We’ve spent the last five years getting ourselves to this point: finding a piece of property, getting permits to build, taking down old houses to repurpose materials to build our new house, and going off-grid with the whole thing. In fact, to the disbelief of many, we built our entire house with nothing more than a set of Porter Cable 20V cordless power tools that we had to charge off-site. When we got our solar array and off-grid system running, some 12-plus months into the job, life got a notable touch easier in that regard.
For a day job, I’m a part-time caretaker (assistant, really) for wealthy people’s summer homes, and though there is no work to do up there at the moment, or for most of the winter, this is the only access Emma and I have to the 48-volt charge we need to bring our battery back to life. The properties are part of a resort with golf courses, and the golf carts have eight 6-volt batteries run in series to produce the 48-volt go-juice required for the well-heeled to navigate the greens.
Not all that long ago, we had little to no understanding of what “in series” or 48-volt charge meant. The only reason we know the particulars now is because, when our solar system battery died last time, the solar sales company’s customer support told us we needed to find a 48-volt battery charger. The thing about that is nowhere has 48-volt battery chargers. 12-volt, sure. 24-volt, likely. 48-volt, not a chance. It’s a specialty order. Unfortunately, one can’t use a 12-volt or 24-volt charger to do what we need to do.

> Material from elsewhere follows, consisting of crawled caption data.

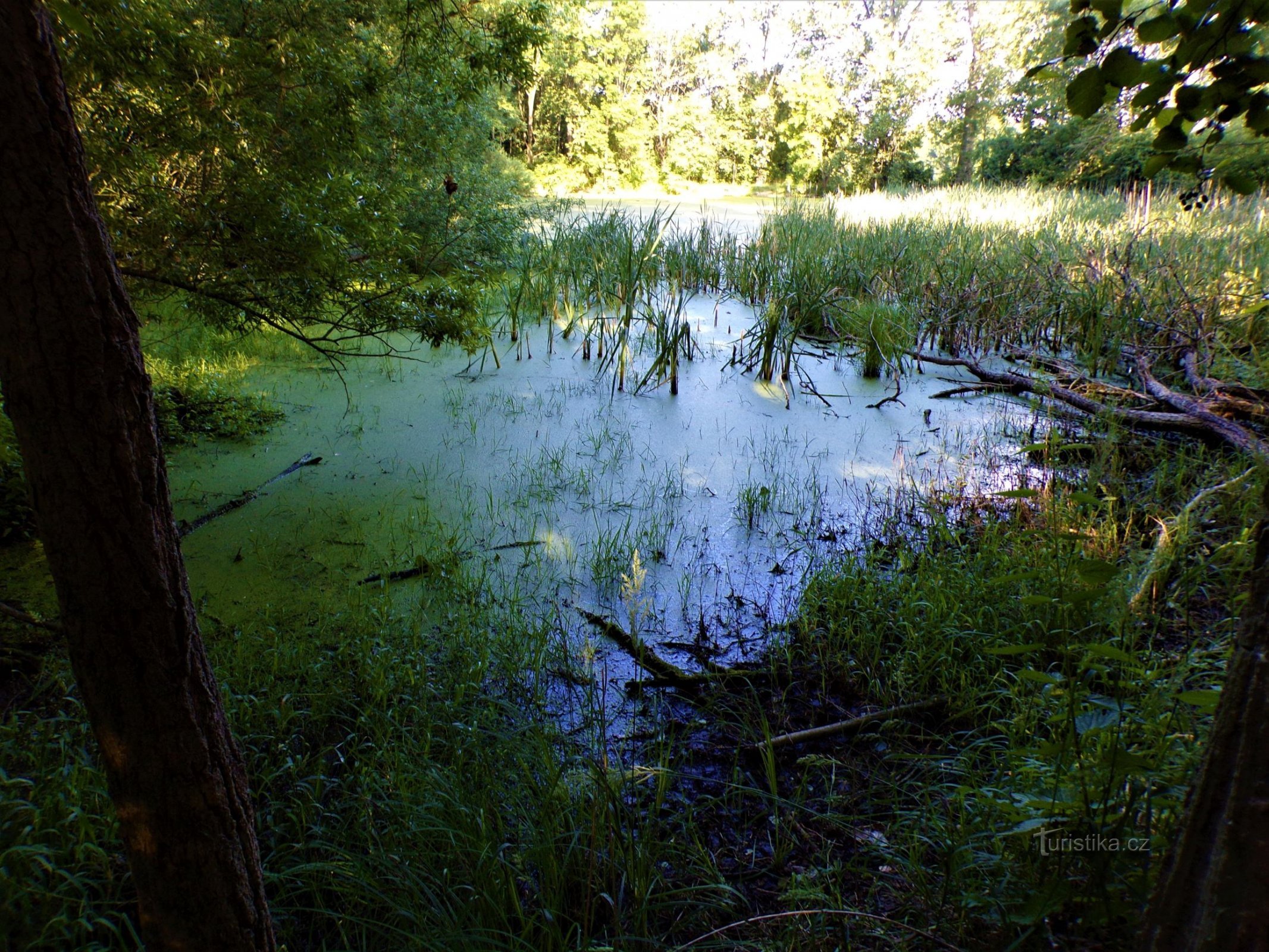 Laghetto di Murštník (Rasošky, 4.7.2021/XNUMX/XNUMX)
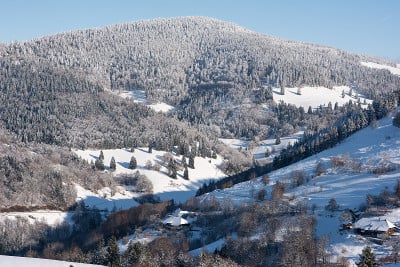 黑森林德国美丽的雪景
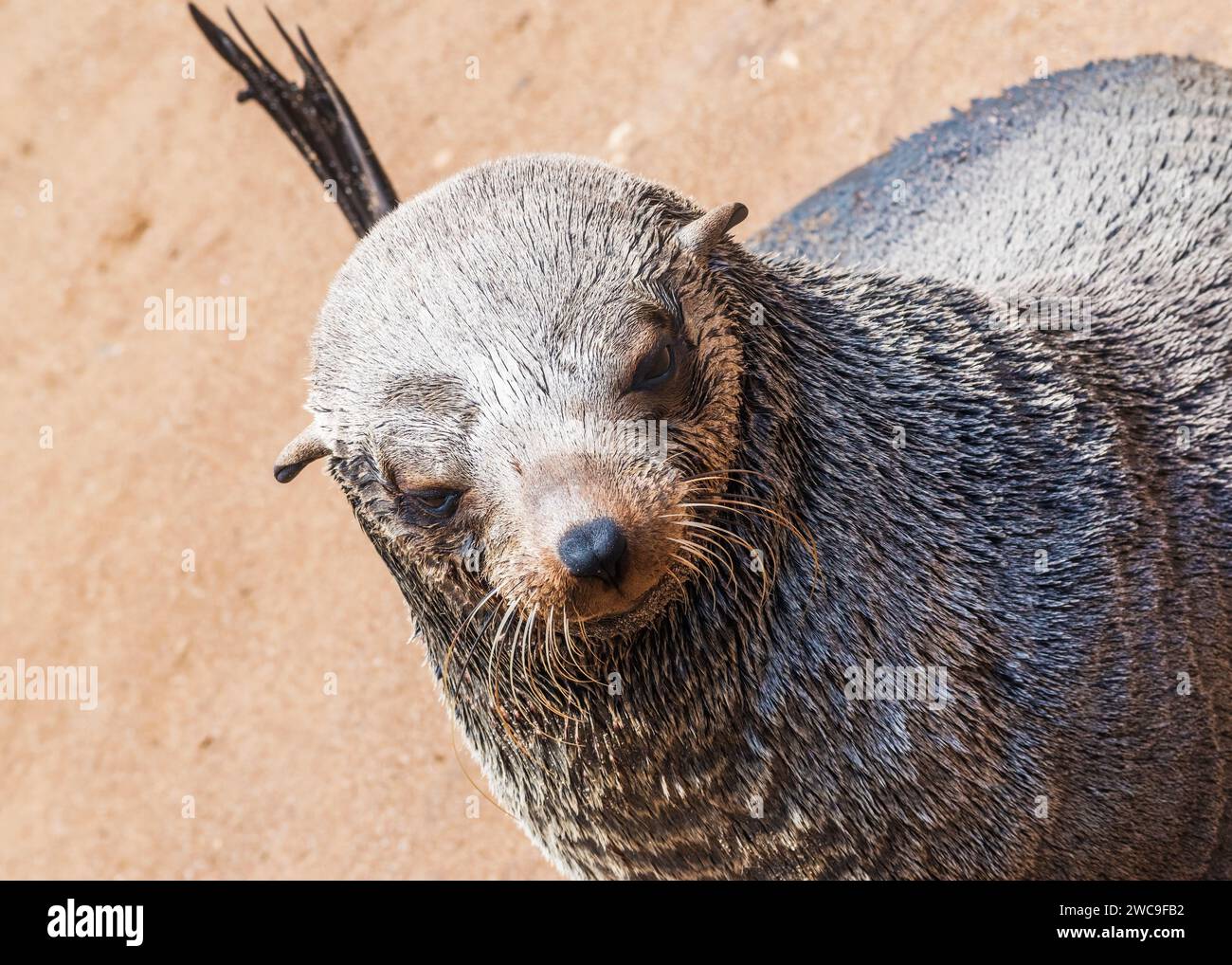Namibie Cape fur Seals Cape Cross Skeleton Coast Banque D'Images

Last time this happened, by freak accident, my boss remembered the golf carts used them. So, we borrowed the golf cart charger, jimmy-rigged a set of alligator clips to hook onto the chargers plug, and learned that the golf cart charger only gave 48-volts when the golf cart’s computer allowed it to do so. The sick irony is that we didn’t even need to charge the battery. We just needed a few seconds of 48-volt charge so that our battery would snap out of its protection mode and function long enough to power the battery charge controller so that the sun/solar panels could do the charging.
This morning, after two days with no sun whatsoever, the battery charge dropped low enough to go into protection mode again. We discovered this at about 4:00 in the morning when Emma gets up to teach online. In the dark with one flashlight between us, we scurried around setting up a propane generator, our back-up power source, to run a laptop, light bulb and Wi-Fi connection.
When we reach the top of the mountain, the sun is shining and the sky is that captivating blue Carolinians are so proud of. It’s only a quick couple of turns to get where we are going. Though the fog has been thick all day, the weather forecast has suggested the sun would burn off the haze for a couple of hours in late afternoon. We’ve made this trip on the off-chance that this short window of clarity does happen.
To get the battery to wake up we do something akin to jumping off a car with a dead battery. We hook jumper cables to the golf cart’s batteries to zap ours with the appropriate voltage. We check that the procedure has worked with our neighbour’s multi-meter, the same we borrowed last time, because we’ve continually forgotten to buy one (about $20) of our own when in town, half-an-hour away.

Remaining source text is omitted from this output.